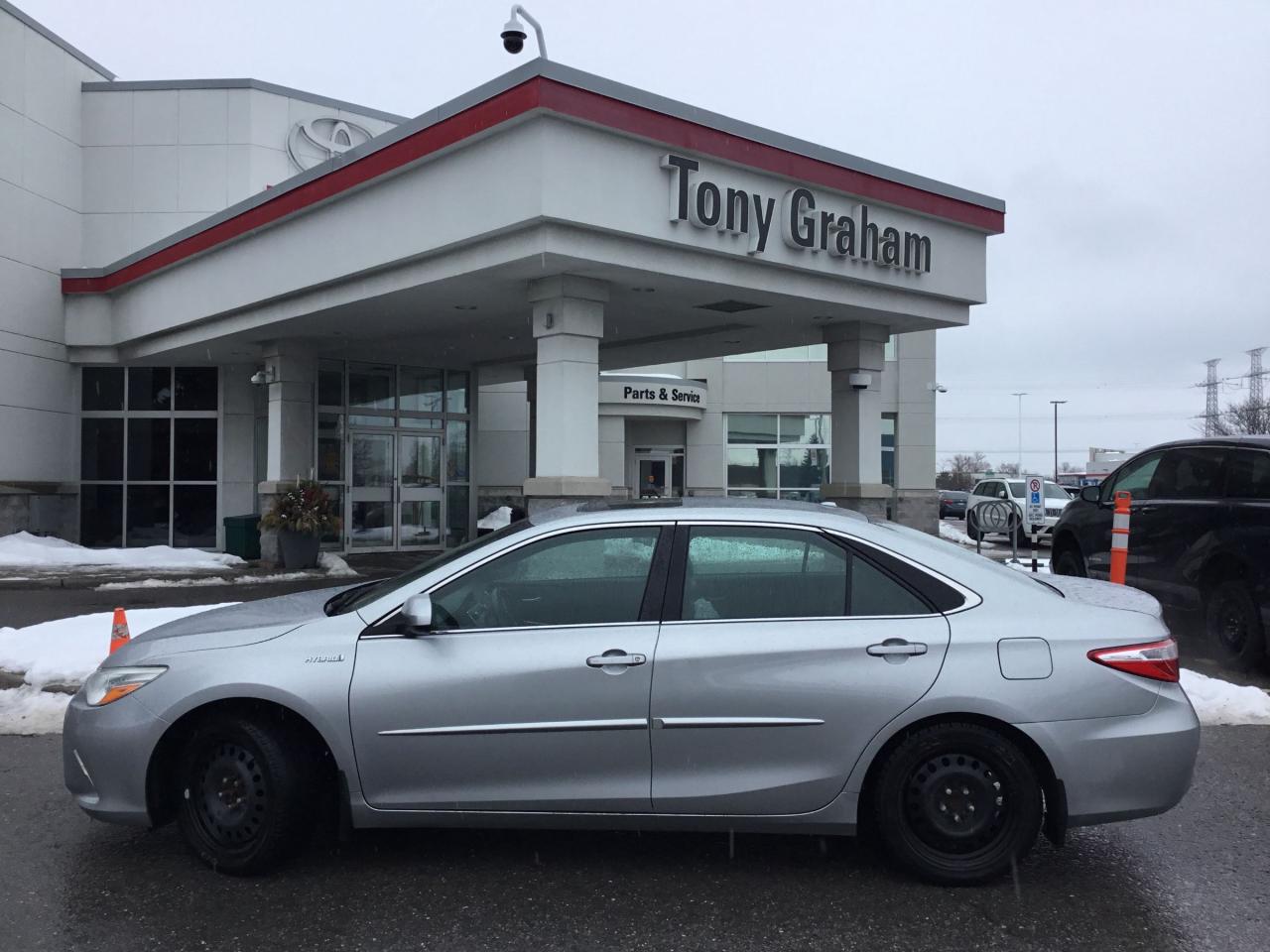 Used 2015 Toyota Camry HYBRID XLE for sale in Ottawa, ON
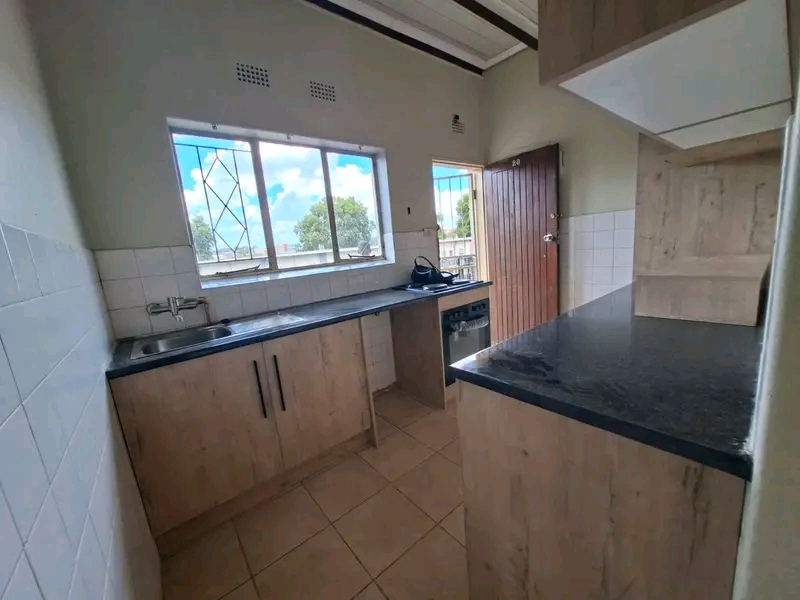 Jhb cbd 
vale court 
2nd floor newly renova  in Betrams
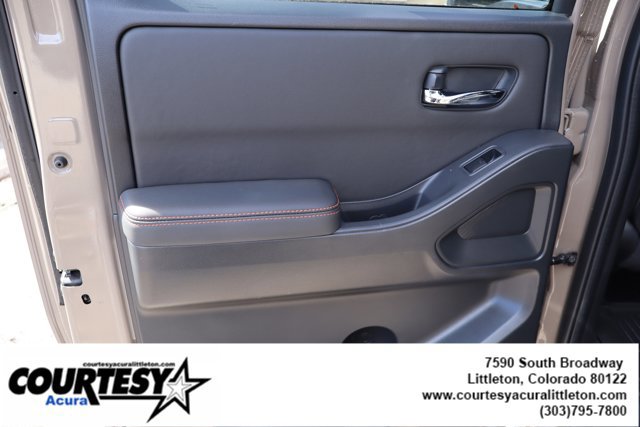 Used 2024 Nissan Frontier PRO-4X w/ Technology Package image 27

WHAT YOU WILL DO
What is needed is an exact copy of every entry, with the pictures removed.

SOLVED EXERCISE
 Used 2015 Toyota Camry HYBRID XLE for sale in Ottawa, ON
 Jhb cbd 
vale court 
2nd floor newly renova  in Betrams
 Used 2024 Nissan Frontier PRO-4X w/ Technology Package image 27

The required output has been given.